Le storie raccontano chi siamo, chi vogliamo essere e anche chi crediamo siano gli altri. Le narrazioni da sempre elaborano i cambiamenti sociali e culturali che, strada facendo, si definiscono in relazione all’altro. Ci accompagnano in un percorso che spesso conduce a nuovi luoghi di incontro. In questa campagna elettorale le storie sul tema immigrazione sembrano andare in un’unica direzione, che ci imprigiona nel vicolo cieco e desolato della paura. Ci rappresentano come un popolo xenofobo, chiuso nei confronti della diversità, che vede nello straniero un potenziale delinquente o stupratore o terrorista, al meglio, come un usurpatore dello scarso lavoro.

MA CI SONO altre storie. Narrazioni che rimangono ai margini della campagna elettorale e, più in generale, fuori dalle rappresentazioni dominanti nei media. Specchio di altre esperienze e di Terre Alt(r)e. Racconti di un’Italia diversa, come quella presentata nel volume curato da Andrea Membretti, Ingrid Kofler e Pier Paolo Viazzo, Per forza o per scelta, L’immigrazione straniera nelle Alpi e negli Appennini (Aracne, 2017). Sono le storie che vengono dai paesi delle aree interne, al centro dalla Strategia Nazionale avviata dall’ex Ministro Fabrizio Barca.

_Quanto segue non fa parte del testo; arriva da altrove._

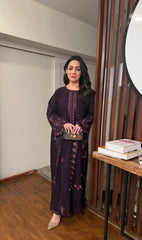 Allechant By Manahils Stitched Suit-Purple kaftan
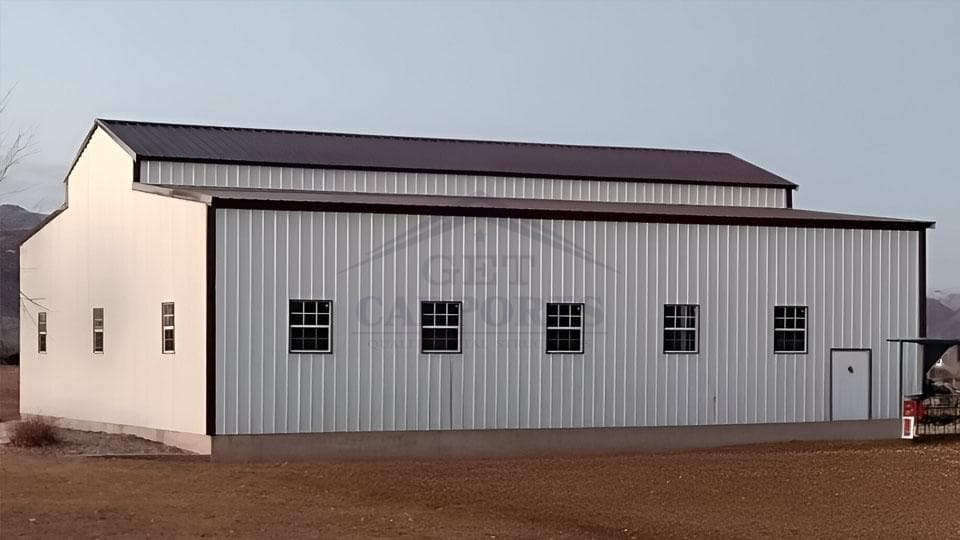 36x40x12 Raised Center Barn — 36'W x 40'L metal building from Get Carports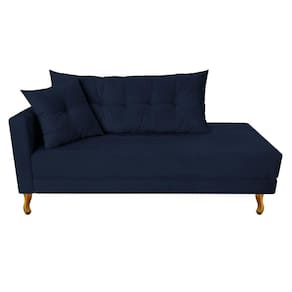 Recamier Azura 185cm Com Almofada Lado Direito Suede Cor Azul Marinho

LE BUONE PRATICHE raccolte nel libro sono molte, così come le possibili indicazioni per le politiche pubbliche e per la politica. Nel biellese c’è il caso di Pettinengo, storicamente legato alla filatura della lana. Negli ultimi decenni, il paese si è trovato di fronte alla sfida identitaria della riconversione. In questo contesto, nel 2014 PaceFuturo Onlus ha gestito l’arrivo in paese di un gruppo di rifugiati africani, con l’inserimento attivo di alcuni di essi in un progetto di recupero e valorizzazione degli antichi sentieri operai e dell’archeologia industriale montana: recupero/reinvenzione del paesaggio culturale a fini di salvaguardia, turistici e identitari. Il buon esito del progetto si deve a un’attenta analisi delle risorse territoriali, al confronto con le esigenze di tutti gli attori coinvolti, alla previsione delle loro relazioni future. L’accoglienza che funziona è un’occasione di sviluppo locale, integrata con i bisogni delle persone che fanno parte di quel territorio. Nel nord-est c’è il caso della cooperativa Cadore. Nel 2011, questa realtà dell’alto bellunese ha aperto due piccoli CAS (Centri Accoglienza Straordinaria), un appartamento e una abitazione unifamiliare. Distanti 5 km circa l’uno dall’altra, i centri sono stati destinati a una decina di giovani uomini, provenienti da vari stati dell’Africa sub-sahariana. L’esperienza di accoglienza si è sviluppata con modalità analoghe alla prima, facendo leva sul dialogo continuo con i soggetti del territorio (le amministrazioni e la popolazione locale) e sul rispetto degli equilibri tra le parti coinvolte. Da un punto di vista strategico, la cooperativa ha scelto di accogliere un numero limitato di richiedenti asilo e ha optato per un modello abitativo diffuso sul territorio, creando nuclei omogenei per etnia, età e religione. Nonostante il numero di ospiti sia cresciuto nel corso del tempo, il modello di «accoglienza diffusa» e la cura del servizio non sono cambiati.

C’È ANCHE la «mala accoglienza», al nord come al sud. A Spineto, nelle montagne silane, in un ex ristorante dismesso e riadattato, è stato aperto un CAS gestito dalla Cooperativa Sant’Anna. In questa struttura isolata dal centro abitato, sono stati ammassati circa 80 migranti senza un’adeguata assistenza sanitaria e idonee condizioni di vita. In seguito alle segnalazioni e a un’inchiesta, nel 2015 il CAS è stato chiuso. Del resto, la Calabria è nota per l’esperienza di Riace e dei comuni della cosiddetta “dorsale dell’ospitalità”, che ha ispirato pratiche di accoglienza a livello internazionale.

DI QUESTI e di altri casi si parlerà al Convegno «Rifugiati e lavoro: le buone pratiche» che si terrà a Milano il 24 febbraio 2018 dalle 9.30 alle 16 presso la Camera del Lavoro in Corso di Porta Vittoria 43. Il convegno, organizzato da Associazione Costituzione Beni Comuni, Camera del lavoro di Milano e Rete Scuole Senza Permesso, con il Patrocinio del Comune di Milano, metterà a confronto associazioni del terzo settore, imprese, istituzioni e rifugiati sul tema del lavoro come strumento di autonomia economica e dignità. Storie, queste sì, che dovrebbero orientare la storia delle politiche di accoglienza in questo Paese.